The authors call for “private sufficiency, public luxury.” Having written two books on the theme of sufficiency, I might point out that it is a tough sell, proposing a world where everyone has enough but nobody has more than they need. The authors acknowledge that the answer to this is a big honking wealth tax, and a reorganizing of our political system around “citizens assemblies” which unfortunately is what the authoritarian right wing is also calling for.
They also mention the successful war on smoking, which had three fronts: legal, with continually more restrictive bans, social, making smokers pariahs, and financial, through increased taxation. The authors suggest the war on smoking was won quickly and easily, but in fact it took decades, with industry and big money fighting it all the way. We don’t have forty years.
The authors never mention the words “degrowth” or “socialism” because they are scary, but you can’t build a sufficiency economy with endless growth, and you can’t have public luxury without a little socialism. In the end, I think they chicken out because the solutions are just too daunting and difficult.
But we certainly have to dump the Chicago school of economists, the Hayeks and Friedmans, and have more Keynes and Galbraith.
Dear Lloyd,
You’re right about the anti-smoking campaign. It’s been very successful, but it took a long time. Mothers Against Drunk Drivers (MADD) may have been a better example. Formed in 1980, this organization worked grassroots campaigns and achieved great success. In 16 years, drunk-driving laws were made stricter in all 50 states. In Canada, MADD has sought even stricter legislation. They also changed people’s attitudes. Drinking and driving is no longer acceptable.
As far as private sufficiency, public luxury, the closest the U.S. has come to this ideal was during and after WWII, when income taxes were as high as 90 percent on the highest incomes. What occurred is probably far from what Hutchison and Monbiot envision for our future. People still got fabulously wealthy. It was also a time when average people gained a lot of material well-being and material excess. The automobile, previously a plaything of the rich, was in reach of the average worker and then became a necessity for just about everybody.

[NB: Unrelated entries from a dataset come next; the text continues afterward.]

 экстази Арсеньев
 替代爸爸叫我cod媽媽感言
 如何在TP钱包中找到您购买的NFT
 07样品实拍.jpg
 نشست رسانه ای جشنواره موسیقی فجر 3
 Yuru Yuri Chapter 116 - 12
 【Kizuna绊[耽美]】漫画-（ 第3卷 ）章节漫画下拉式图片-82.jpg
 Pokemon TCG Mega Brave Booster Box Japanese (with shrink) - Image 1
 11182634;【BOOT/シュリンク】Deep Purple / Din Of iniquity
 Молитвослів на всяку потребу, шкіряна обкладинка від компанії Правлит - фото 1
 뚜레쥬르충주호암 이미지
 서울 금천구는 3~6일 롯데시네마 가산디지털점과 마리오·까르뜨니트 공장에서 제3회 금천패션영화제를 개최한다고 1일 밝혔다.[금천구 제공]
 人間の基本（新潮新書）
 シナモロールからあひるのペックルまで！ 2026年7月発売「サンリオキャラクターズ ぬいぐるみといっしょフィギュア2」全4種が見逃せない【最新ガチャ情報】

Yet this was also a time when there were investments in public luxury, I think a good example of this is the municipal pool. There used to be lot of them in the U.S. They were most often segregated, but they were still the result of cities and towns creating something for communities (OK, mostly white communities).
I read the short bit on citizen assemblies. I think it was about a page, so I didn’t get a very good sense of what the authors were explaining. I think there are a few things folks can do in the U.S. The first is to end gerrymandering. They recently had success doing that in Michigan, which had previously been gerrymandered by the GOP. No matter which party does the gerrymandering, it makes Congressional seats uncompetitive, hence congresspersons don’t have to be as responsive to their constituents.
The next thing to remember is what Howard Zinn said: “What matters most is not who is sitting in the White House, but ‘who is sitting in’ and who is marching outside the White House, pushing for change.” From what I remember from the women’s movement, the civil rights movement, and others, is that things changed, but only after a lot of people marched in the streets, wrote their representatives, ad otherwise raised a ruckus.
I really like this format of a conversation. It's got me thinking.